Sunday, 17 October 2010

Benthall Edge Woods

I don't know why, but despite the glories of autumn I'm drawn to turning the usual world of colour upside down at the moment, blue trees for instance...


...unstable trees especially, trees that are teetering, or appearing to teeter, drunkenly off the edge of the picture...maybe the tree has become a substitute figure for me, a human figure that is. And walking through a wood is like entering a fairytale world in which everyone has become instantly inanimate.


Of course woods aren't inanimate places at all, they are places of sometimes ravishing, often subtle beauty, noisy and quiet at the same time. Today G and I have visited Benthall Edge Woods, near Ironbridge. Country Living listed them amongst their roll call of idyllic autumn woods recently. They were truly magical and, luckily for us, G and I had them almost entirely to ourselves.
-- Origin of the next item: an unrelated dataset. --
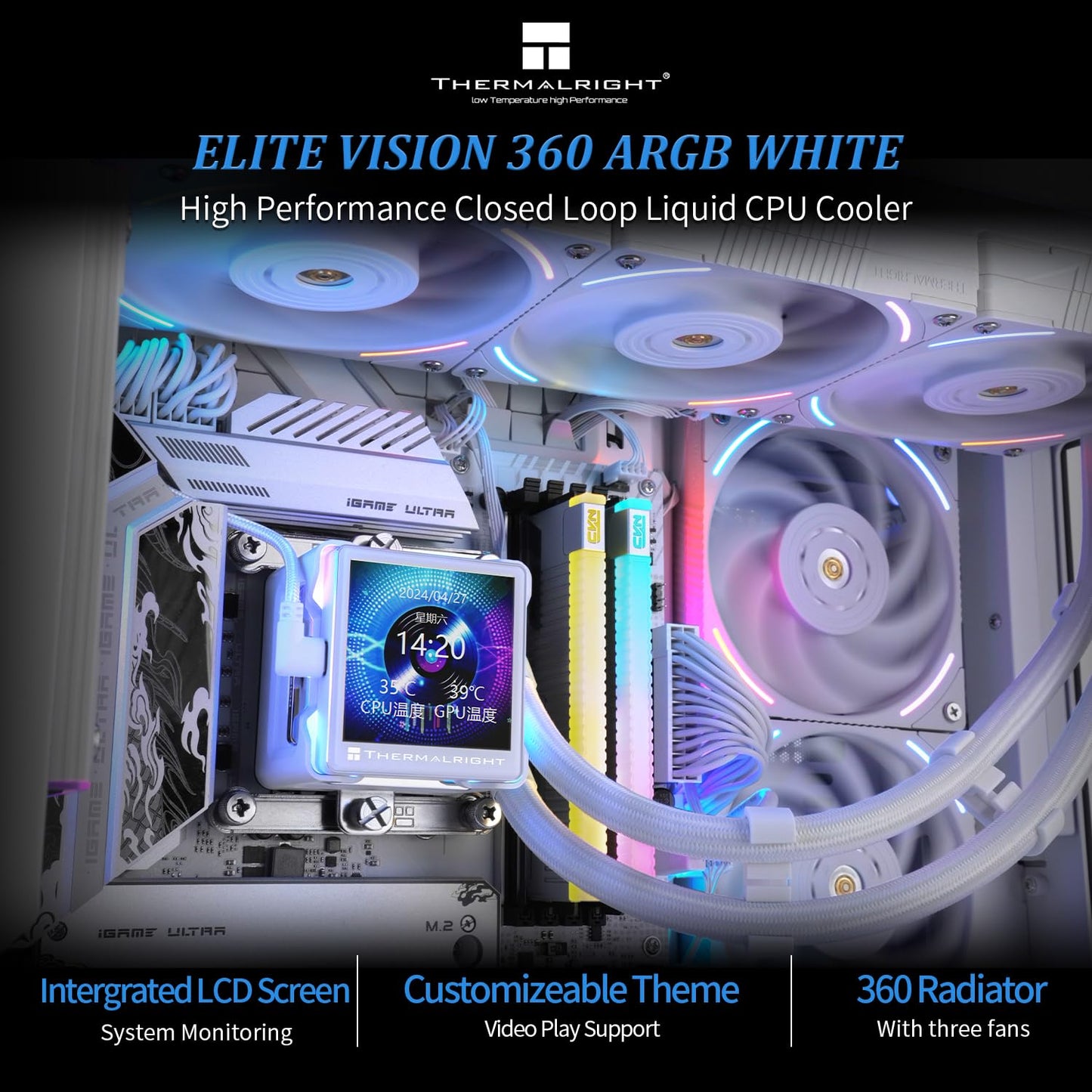 Thermalright Elite Vision 360 ARGB White CPU AIO Cooler,IPS LCD Screen with 320 * 320 Resolution,for AM5,Intel 1700/1851,High-performance CPU Water-cooler with 2.73in Removable Liquid Crystal Display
I love standing beneath a canopy of trees this time of year and just listening to the leaves and seeds dropping to earth, a bird's wing fluttering, or the crack of a twig as some unseen animal moves in the undergrowth. It's the very opposite of the kind of empty sensory overload you get in a town centre, this is sensory bliss, gradually as you stand there a whole world of sound, smells and sights come alive around you. You feel both insignificant and blessed. For me it's like being a child again. Both exciting and a comfort.